Randomize, Identify, or Dream

Wednesday, June 3, 2026 · Learning

Jun 03, 2026

A robot policy trained inside a simulator on a Unitree G1 humanoid does not know that the bushing on the real robot’s left ankle has lost two-tenths of a millimeter to wear after twelve hundred hours of operation. The classical answer is to randomize: train under a simulator that wobbles its own physics enough that the worn-bushing condition is one sample inside the training distribution. The policy never learns to depend on any particular value of friction or mass, so when reality hands it a slightly off value, it treats the difference as another draw from the training set. This is the trick that has carried robot learning since 2017, and in 2026 it is in the middle of a three-layer upgrade. Last issue showed that policies have a data-scaling law to lean on. The question today is where the rest of the gap gets closed.
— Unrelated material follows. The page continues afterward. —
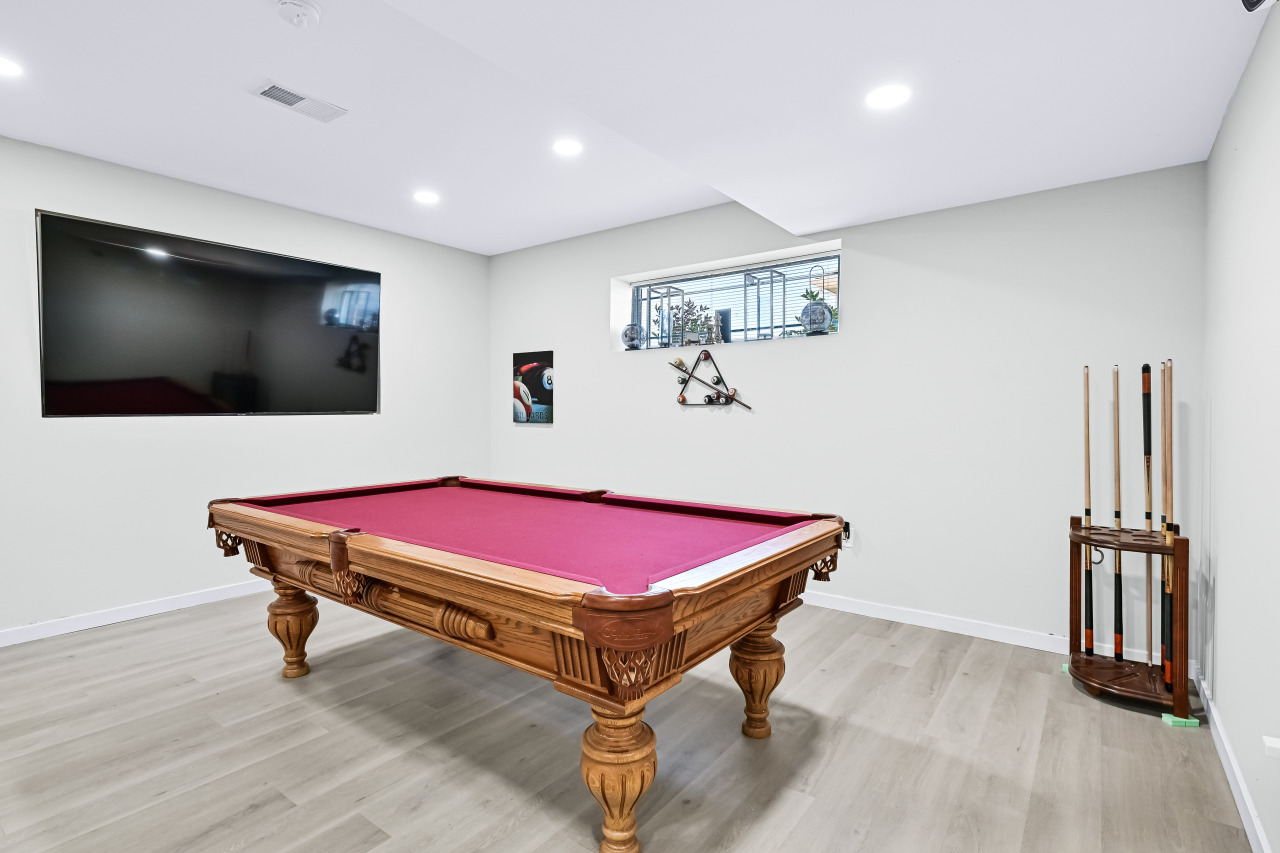 7690 Preserve Parkway Mequon, WI 53097 - Photo 35 of 58 Billiard Room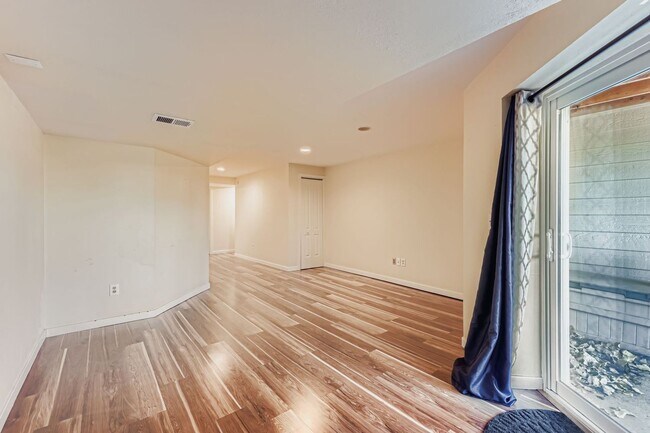 Building Photo - COME TOUR THIS BEAUTIFUL TOWNHOME. AVAILABLE NOW!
Three mechanisms are converging in the production stack. Randomize the broad envelope. Identify the actual parameters from a short window of real-robot data. And, for the part of the gap physics engines get visibly wrong, drop the physics engine and let a neural simulator hallucinate the next frame from 44,000 hours of human video.

How it actually works

Domain randomization is the lazy theorem. You list the parts of your simulator you do not trust, friction at every joint, the exact mass of every link, motor torque constants, sensor noise floors, lighting, camera angles, and sample them from a wide enough distribution that reality lands inside the spread. The policy learns the behavior that survives this variation. On a real robot, the real parameter vector is just one more draw from the training distribution. The argument is not that the policy figures out the parameters, only that it never relied on them. NVIDIA’s Isaac Lab 2.3, released in November 2025, packages this as a configuration object you attach to any training environment. You can spin up thousands of parallel simulated robots on a single GPU, each one with a slightly different friction profile, payload mass, motor gain, and camera setup.

Randomization is a blunt instrument. Every dimension of variation the policy has to absorb is paid for in peak performance, the way an athlete who trains in mountains, oceans, and deserts is worse on any one terrain than a local specialist. So in 2026 the second layer is system identification, the targeted fix. Run the candidate policy on the real robot for a few minutes, collect (state, action, next-state) samples, and tune the simulator’s parameters so its predictions match reality. SPI-Active, a 2025 paper from Carnegie Mellon and NVIDIA, treats this as an active exploration problem. The robot deliberately probes the corners of state space where simulator predictions diverge most from reality. The reported gain is 42 to 63 percent lower locomotion error than passive identification, validated on the Unitree Go2 and G1.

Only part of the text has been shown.